Elvis Costello opened the evening with a ragged sounding set, delivering most of his hits. 'Pump It Up' and 'Watching the Detectives' were two early highlights, and Sting came out and sang a verse and harmonies on the chorus of 'Alison'.

The Police and Costello are due to play again Tuesday night at Red Rocks.

(c) Denver Post by Candace Horgan

The Police, Elvis Costello: masterful combo...

On paper it sounds like the ending of a really cheesy movie. The leaders of two mercurial, groundbreaking British bands who came up at the same time in the new wave era share a stage three decades later, taking turns singing the verses of a somber ballad written back in the day.

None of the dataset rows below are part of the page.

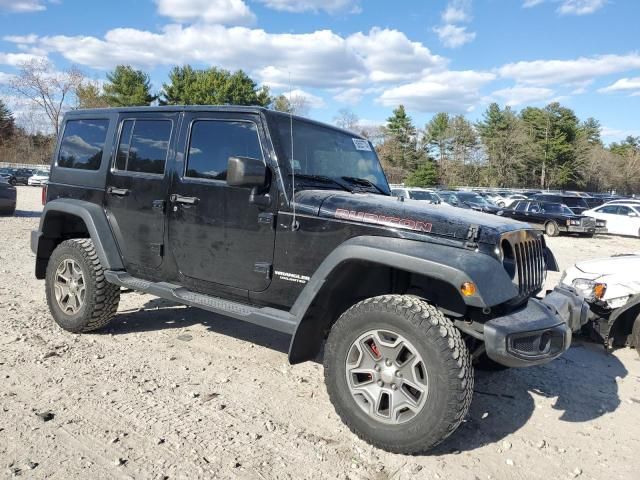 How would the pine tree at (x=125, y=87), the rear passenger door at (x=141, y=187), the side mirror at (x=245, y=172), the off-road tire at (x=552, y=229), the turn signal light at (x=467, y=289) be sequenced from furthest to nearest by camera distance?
the pine tree at (x=125, y=87) → the off-road tire at (x=552, y=229) → the rear passenger door at (x=141, y=187) → the side mirror at (x=245, y=172) → the turn signal light at (x=467, y=289)

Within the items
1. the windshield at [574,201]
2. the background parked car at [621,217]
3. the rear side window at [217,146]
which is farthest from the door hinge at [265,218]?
the windshield at [574,201]

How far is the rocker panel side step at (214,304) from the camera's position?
3539 mm

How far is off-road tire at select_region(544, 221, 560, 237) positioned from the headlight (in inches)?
639

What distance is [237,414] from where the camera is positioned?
354 centimetres

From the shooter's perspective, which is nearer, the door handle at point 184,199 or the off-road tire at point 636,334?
the door handle at point 184,199

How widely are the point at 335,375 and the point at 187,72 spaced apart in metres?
56.6

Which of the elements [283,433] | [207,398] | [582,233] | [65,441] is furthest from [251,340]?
[582,233]

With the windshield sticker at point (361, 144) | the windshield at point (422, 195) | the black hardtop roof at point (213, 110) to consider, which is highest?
the black hardtop roof at point (213, 110)

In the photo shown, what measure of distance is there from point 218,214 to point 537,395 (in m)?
A: 3.01

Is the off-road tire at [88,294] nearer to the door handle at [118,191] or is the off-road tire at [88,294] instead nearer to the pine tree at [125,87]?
the door handle at [118,191]

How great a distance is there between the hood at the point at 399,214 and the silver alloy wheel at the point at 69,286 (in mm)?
2635

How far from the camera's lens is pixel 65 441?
Result: 3.06 m

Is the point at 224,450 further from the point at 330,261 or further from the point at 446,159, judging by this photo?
the point at 446,159

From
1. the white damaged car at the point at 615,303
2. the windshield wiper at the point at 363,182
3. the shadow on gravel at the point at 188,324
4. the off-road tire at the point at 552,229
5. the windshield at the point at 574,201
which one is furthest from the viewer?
the windshield at the point at 574,201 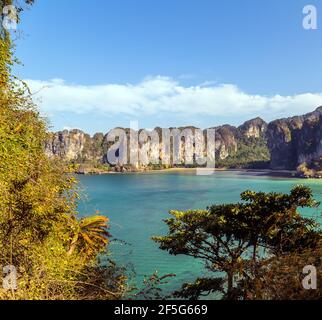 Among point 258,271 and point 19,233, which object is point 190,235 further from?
point 258,271

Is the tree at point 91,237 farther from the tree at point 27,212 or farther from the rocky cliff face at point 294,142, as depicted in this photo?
the rocky cliff face at point 294,142

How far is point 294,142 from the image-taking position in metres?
170

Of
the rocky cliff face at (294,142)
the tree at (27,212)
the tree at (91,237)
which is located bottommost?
the tree at (91,237)

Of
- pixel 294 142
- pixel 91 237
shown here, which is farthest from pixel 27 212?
pixel 294 142

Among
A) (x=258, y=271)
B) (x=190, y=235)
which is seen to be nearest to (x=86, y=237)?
(x=190, y=235)

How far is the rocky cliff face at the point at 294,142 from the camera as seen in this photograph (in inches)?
6058

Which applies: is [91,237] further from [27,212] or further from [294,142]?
[294,142]

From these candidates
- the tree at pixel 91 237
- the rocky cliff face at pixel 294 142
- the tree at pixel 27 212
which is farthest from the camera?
the rocky cliff face at pixel 294 142

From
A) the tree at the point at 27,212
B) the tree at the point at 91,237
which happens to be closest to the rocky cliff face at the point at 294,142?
the tree at the point at 91,237

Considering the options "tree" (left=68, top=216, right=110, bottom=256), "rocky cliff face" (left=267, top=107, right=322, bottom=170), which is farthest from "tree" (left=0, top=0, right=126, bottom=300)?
"rocky cliff face" (left=267, top=107, right=322, bottom=170)

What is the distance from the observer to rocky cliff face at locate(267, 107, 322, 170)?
6058 inches

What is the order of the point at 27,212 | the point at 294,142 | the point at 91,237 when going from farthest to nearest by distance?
the point at 294,142
the point at 91,237
the point at 27,212

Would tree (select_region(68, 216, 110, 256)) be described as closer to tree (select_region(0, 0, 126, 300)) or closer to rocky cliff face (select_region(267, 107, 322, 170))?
tree (select_region(0, 0, 126, 300)) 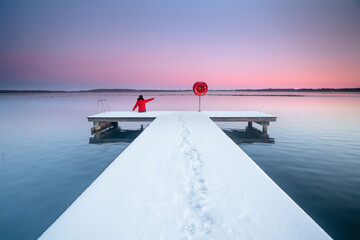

But when Sting and Elvis Costello did just that at Red Rocks on Monday night it was a triumph, not cheesiness. Both started out with early hits and stayed vital as artists for most of their careers. Trading verses and harmonies on 'Alison' seemed like a tribute to both where they came from and where they've gone since then.

Putting The Police and Costello on the same bill was a masterful idea that The Police really didn't need to entertain; Sting can sell out venues like Red Rocks on his own, and The Police tour has been a concert-world juggernaut.

Incredibly, neither act had played the Rocks before. Costello mentioned only being there at a concert with his wife, Diana Krall; Sting announced The Police had never played there.

They were rewarded with one of the most perfect weather nights of the summer, and fans got a full serving from both.

Costello served up some best-known songs early on, including 'Pump It Up' and 'Everyday I Write the Book', mixed with newer greats like 'American Gangster Time' and 'Either Side of the Same Town'. His set was marred only by a bass-heavy mix and a guitar that was inaudible at times.

A rousing, set-closing '(What's So Funny 'bout) Peace Love and Understanding' followed the Sting duet.

In many ways The Police set list echoed the one at the Pepsi Center last year, with 'Message In A Bottle' and 'Walking On The Moon' making early appearances.

Yet nearly every song got a bit more of a rearranged tweaking, from 'Can't Stand Losing You' to 'Wrapped Around Your Finger'; other songs got added that weren't there before, including a pounding 'Demolition Man'.

The effects weren't quite as spectacular as last year, but a big screen gave close-ups of every detail, from Stewart Copeland's cymbals to Sting's open mouth (he appears to have excellent dental hygiene, by the way).

There was more crowd interaction, with all three band members loose and playful. Guitarist Andy Summers was particularly hot, nailing some deft, light guitar solos in 'When the World is Running Down You Make the Best of What's Still Around'.

An hour-plus main set turned to encores with 'Roxanne', and the crowd lapped it up.